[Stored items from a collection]
┄┄┄┄┄┄┄┄┄┄┄┄┄┄┄┄┄┄┄┄

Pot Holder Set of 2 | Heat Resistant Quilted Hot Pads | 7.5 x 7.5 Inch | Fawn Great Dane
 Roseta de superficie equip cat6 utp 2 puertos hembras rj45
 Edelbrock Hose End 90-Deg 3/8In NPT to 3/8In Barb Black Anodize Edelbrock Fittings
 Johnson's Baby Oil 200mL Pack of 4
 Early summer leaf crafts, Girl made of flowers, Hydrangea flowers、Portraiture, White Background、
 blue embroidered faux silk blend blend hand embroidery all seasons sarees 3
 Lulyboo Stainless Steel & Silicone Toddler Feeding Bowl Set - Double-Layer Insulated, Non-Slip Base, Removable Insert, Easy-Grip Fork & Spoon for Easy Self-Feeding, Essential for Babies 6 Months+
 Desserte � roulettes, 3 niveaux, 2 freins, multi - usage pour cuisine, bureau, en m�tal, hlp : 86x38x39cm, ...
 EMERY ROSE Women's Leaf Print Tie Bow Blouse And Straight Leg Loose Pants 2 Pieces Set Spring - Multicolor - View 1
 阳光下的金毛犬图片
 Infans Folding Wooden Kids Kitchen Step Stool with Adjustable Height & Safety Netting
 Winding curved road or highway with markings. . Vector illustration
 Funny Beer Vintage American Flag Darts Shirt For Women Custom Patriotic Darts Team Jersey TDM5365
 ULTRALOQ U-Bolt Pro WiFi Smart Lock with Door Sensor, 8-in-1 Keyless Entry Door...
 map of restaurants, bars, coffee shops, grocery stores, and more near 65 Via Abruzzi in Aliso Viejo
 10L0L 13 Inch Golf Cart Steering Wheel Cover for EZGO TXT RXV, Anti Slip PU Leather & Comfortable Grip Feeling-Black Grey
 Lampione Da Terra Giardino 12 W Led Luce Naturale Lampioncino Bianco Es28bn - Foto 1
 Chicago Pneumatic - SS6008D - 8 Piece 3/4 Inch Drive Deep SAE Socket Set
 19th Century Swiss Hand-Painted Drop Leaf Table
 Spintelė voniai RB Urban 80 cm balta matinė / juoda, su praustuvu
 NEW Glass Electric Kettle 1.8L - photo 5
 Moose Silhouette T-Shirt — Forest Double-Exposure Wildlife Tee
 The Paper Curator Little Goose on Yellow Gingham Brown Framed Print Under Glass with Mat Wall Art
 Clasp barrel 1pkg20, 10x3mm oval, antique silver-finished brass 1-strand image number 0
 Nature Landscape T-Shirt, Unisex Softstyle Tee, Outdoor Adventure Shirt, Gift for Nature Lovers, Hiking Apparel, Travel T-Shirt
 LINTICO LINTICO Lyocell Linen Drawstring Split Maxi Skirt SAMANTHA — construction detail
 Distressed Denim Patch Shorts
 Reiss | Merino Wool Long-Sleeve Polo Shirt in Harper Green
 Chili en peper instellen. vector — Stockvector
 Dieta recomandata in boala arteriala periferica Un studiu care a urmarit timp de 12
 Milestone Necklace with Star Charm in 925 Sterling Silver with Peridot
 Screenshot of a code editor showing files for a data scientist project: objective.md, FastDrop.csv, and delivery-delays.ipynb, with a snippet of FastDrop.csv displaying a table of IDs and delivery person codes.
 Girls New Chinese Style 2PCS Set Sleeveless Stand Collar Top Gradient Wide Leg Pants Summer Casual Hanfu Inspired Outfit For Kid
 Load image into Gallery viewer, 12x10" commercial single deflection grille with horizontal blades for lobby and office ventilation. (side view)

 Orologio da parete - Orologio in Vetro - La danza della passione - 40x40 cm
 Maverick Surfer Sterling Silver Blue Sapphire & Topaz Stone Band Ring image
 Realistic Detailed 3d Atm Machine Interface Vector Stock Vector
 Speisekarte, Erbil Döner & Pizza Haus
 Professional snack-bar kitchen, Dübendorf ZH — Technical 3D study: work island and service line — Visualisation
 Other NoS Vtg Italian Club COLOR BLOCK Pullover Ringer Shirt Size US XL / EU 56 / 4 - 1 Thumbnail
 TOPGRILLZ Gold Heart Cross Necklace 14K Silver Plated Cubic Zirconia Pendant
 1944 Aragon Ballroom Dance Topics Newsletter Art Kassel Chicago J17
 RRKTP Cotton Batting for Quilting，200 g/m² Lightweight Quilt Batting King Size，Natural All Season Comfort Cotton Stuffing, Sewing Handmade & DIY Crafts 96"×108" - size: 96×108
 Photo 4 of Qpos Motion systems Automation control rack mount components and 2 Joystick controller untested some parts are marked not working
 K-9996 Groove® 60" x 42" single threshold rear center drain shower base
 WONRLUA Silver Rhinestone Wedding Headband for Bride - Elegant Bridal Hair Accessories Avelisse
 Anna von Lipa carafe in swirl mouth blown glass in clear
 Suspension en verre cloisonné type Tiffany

┄┄┄┄┄┄┄┄┄┄┄┄┄┄┄┄┄┄┄┄

__Required work__
Proceeding from the line containing "NEW Glass Electric Kettle 1.8L - photo 5" through the line containing "1944 Aragon Ballroom", transcribe the lines above exactly, both end lines included.

__Answer section__
 NEW Glass Electric Kettle 1.8L - photo 5
 Moose Silhouette T-Shirt — Forest Double-Exposure Wildlife Tee
 The Paper Curator Little Goose on Yellow Gingham Brown Framed Print Under Glass with Mat Wall Art
 Clasp barrel 1pkg20, 10x3mm oval, antique silver-finished brass 1-strand image number 0
 Nature Landscape T-Shirt, Unisex Softstyle Tee, Outdoor Adventure Shirt, Gift for Nature Lovers, Hiking Apparel, Travel T-Shirt
 LINTICO LINTICO Lyocell Linen Drawstring Split Maxi Skirt SAMANTHA — construction detail
 Distressed Denim Patch Shorts
 Reiss | Merino Wool Long-Sleeve Polo Shirt in Harper Green
 Chili en peper instellen. vector — Stockvector
 Dieta recomandata in boala arteriala periferica Un studiu care a urmarit timp de 12
 Milestone Necklace with Star Charm in 925 Sterling Silver with Peridot
 Screenshot of a code editor showing files for a data scientist project: objective.md, FastDrop.csv, and delivery-delays.ipynb, with a snippet of FastDrop.csv displaying a table of IDs and delivery person codes.
 Girls New Chinese Style 2PCS Set Sleeveless Stand Collar Top Gradient Wide Leg Pants Summer Casual Hanfu Inspired Outfit For Kid
 Load image into Gallery viewer, 12x10" commercial single deflection grille with horizontal blades for lobby and office ventilation. (side view)

 Orologio da parete - Orologio in Vetro - La danza della passione - 40x40 cm
 Maverick Surfer Sterling Silver Blue Sapphire & Topaz Stone Band Ring image
 Realistic Detailed 3d Atm Machine Interface Vector Stock Vector
 Speisekarte, Erbil Döner & Pizza Haus
 Professional snack-bar kitchen, Dübendorf ZH — Technical 3D study: work island and service line — Visualisation
 Other NoS Vtg Italian Club COLOR BLOCK Pullover Ringer Shirt Size US XL / EU 56 / 4 - 1 Thumbnail
 TOPGRILLZ Gold Heart Cross Necklace 14K Silver Plated Cubic Zirconia Pendant
 1944 Aragon Ballroom Dance Topics Newsletter Art Kassel Chicago J17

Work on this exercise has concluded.